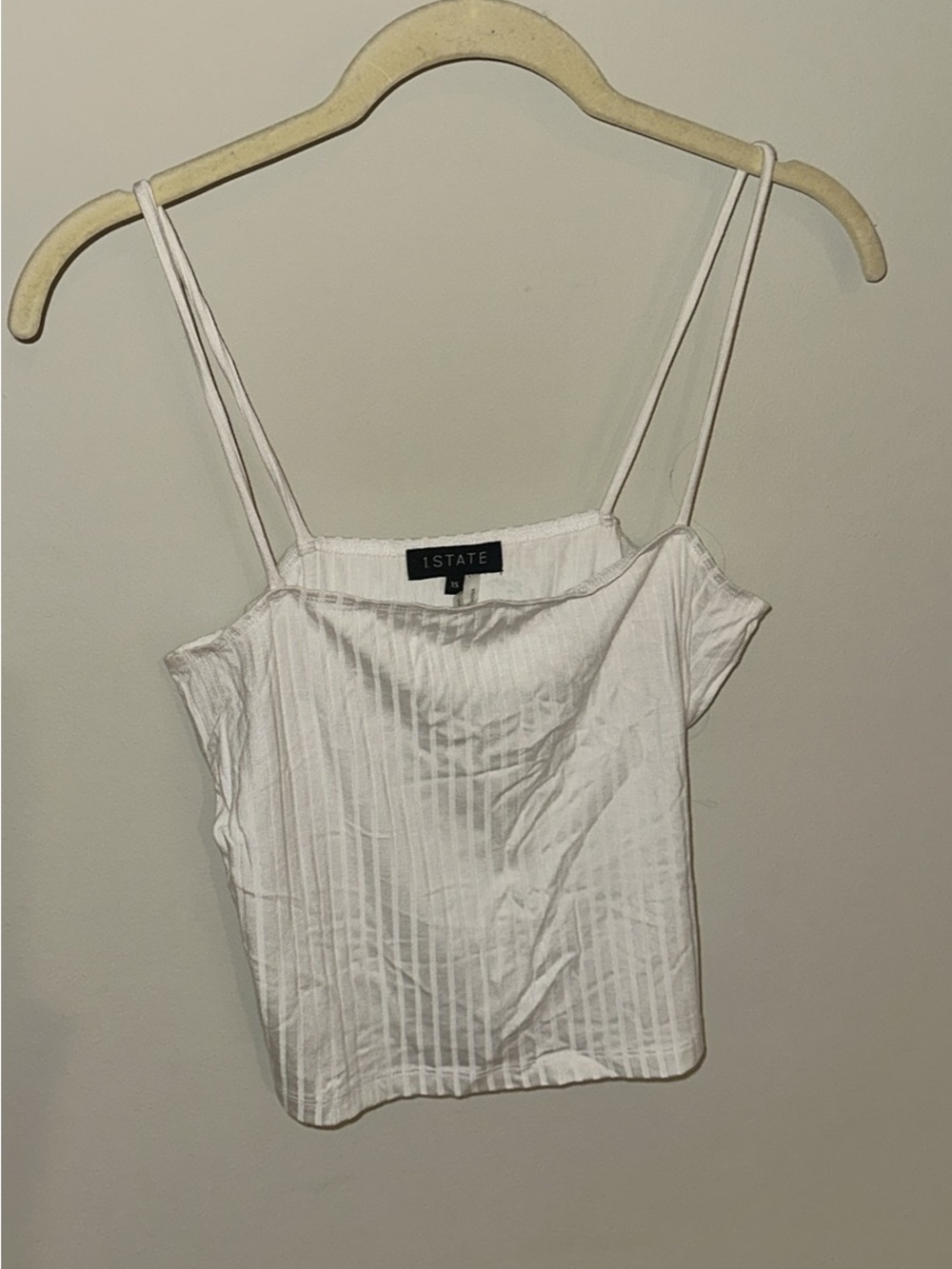 1.STATE White Ribbed Crop Top XS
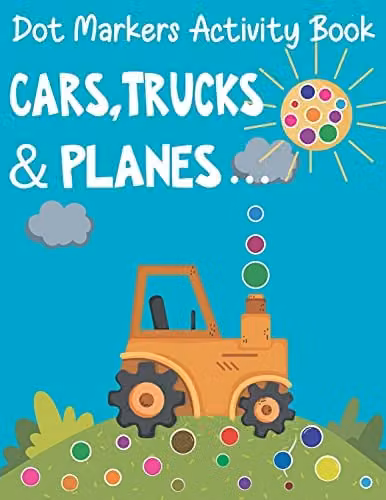 Easy Child Dot Markers Activity Book with Cars, Trucks and Planes Multicolour Paper Coloring Book for Toddlers and Preschoolers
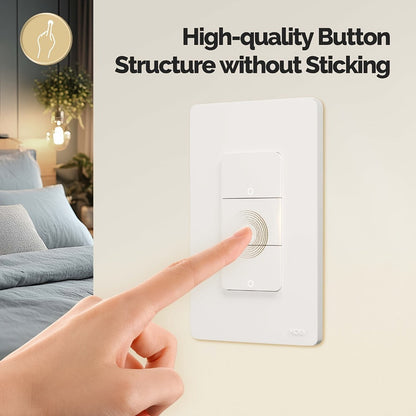 White No-Neutral WiFi Wall Switch Two-Pack with One-, Two-, Three- or Four-Gang Mechanical Button Options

__Activity__.
Type out the data above once more, exactly, with no images included.

__Answer section__.
 1.STATE White Ribbed Crop Top XS
 Easy Child Dot Markers Activity Book with Cars, Trucks and Planes Multicolour Paper Coloring Book for Toddlers and Preschoolers
 White No-Neutral WiFi Wall Switch Two-Pack with One-, Two-, Three- or Four-Gang Mechanical Button Options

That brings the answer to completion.